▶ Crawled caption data
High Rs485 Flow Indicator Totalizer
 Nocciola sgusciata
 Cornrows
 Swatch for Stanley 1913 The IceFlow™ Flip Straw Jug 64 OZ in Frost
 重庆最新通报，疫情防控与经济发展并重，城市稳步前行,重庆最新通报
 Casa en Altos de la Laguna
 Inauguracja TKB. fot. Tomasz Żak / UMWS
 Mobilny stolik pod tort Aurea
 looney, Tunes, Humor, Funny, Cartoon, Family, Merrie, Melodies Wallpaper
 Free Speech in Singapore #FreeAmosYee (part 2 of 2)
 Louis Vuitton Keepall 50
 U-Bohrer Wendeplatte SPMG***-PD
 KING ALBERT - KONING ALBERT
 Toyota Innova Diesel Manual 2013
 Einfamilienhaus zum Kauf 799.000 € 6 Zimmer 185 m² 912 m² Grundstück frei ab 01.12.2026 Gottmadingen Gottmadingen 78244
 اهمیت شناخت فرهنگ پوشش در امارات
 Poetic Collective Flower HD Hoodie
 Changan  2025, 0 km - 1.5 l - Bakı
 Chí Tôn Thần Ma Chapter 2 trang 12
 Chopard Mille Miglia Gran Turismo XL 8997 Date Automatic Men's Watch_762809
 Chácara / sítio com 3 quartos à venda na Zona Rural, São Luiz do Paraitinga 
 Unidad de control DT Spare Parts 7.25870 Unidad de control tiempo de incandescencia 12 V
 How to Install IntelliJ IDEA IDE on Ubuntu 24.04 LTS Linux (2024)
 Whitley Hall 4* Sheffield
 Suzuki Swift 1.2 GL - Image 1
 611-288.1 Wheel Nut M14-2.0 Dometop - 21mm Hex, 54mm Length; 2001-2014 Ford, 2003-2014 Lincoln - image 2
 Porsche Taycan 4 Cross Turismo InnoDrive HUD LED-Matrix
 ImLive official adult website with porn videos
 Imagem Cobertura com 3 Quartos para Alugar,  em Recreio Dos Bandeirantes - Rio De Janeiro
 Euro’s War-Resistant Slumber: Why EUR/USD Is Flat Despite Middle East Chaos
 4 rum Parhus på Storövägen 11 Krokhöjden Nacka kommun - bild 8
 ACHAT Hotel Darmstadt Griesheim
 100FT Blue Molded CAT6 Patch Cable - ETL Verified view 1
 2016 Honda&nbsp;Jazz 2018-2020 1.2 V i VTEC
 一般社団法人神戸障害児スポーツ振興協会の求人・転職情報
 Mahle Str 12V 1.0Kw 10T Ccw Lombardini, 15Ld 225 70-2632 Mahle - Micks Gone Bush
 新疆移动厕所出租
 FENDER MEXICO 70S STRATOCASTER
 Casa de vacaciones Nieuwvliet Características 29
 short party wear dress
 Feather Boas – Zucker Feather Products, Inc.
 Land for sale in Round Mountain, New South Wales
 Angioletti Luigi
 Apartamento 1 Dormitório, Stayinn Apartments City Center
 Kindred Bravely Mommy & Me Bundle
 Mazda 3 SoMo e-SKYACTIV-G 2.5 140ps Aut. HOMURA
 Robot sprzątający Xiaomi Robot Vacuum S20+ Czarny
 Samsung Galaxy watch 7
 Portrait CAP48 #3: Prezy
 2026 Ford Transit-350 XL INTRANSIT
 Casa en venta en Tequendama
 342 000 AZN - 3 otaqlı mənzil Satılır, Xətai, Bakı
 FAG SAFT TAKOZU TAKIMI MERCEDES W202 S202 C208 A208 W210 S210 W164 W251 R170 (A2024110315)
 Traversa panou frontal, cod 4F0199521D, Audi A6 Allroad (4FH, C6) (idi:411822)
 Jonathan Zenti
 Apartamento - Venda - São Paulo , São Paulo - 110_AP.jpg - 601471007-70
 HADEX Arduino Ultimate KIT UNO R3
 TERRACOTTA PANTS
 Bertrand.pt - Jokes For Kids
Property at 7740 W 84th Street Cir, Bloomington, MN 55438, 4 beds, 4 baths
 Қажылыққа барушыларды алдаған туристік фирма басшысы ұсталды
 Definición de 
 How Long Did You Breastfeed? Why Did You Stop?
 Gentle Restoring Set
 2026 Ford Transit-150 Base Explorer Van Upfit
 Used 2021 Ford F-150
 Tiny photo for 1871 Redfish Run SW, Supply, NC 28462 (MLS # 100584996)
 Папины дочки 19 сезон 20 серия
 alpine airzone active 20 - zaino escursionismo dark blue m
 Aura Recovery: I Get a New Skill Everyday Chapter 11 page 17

▶ PROBLEM DESCRIPTION
All that is needed is the line containing "Jonathan Zenti" and each line after it to the end of the data above, set down exactly.

▶ ANSWER SPACE
 Jonathan Zenti
 Apartamento - Venda - São Paulo , São Paulo - 110_AP.jpg - 601471007-70
 HADEX Arduino Ultimate KIT UNO R3
 TERRACOTTA PANTS
 Bertrand.pt - Jokes For Kids
Property at 7740 W 84th Street Cir, Bloomington, MN 55438, 4 beds, 4 baths
 Қажылыққа барушыларды алдаған туристік фирма басшысы ұсталды
 Definición de 
 How Long Did You Breastfeed? Why Did You Stop?
 Gentle Restoring Set
 2026 Ford Transit-150 Base Explorer Van Upfit
 Used 2021 Ford F-150
 Tiny photo for 1871 Redfish Run SW, Supply, NC 28462 (MLS # 100584996)
 Папины дочки 19 сезон 20 серия
 alpine airzone active 20 - zaino escursionismo dark blue m
 Aura Recovery: I Get a New Skill Everyday Chapter 11 page 17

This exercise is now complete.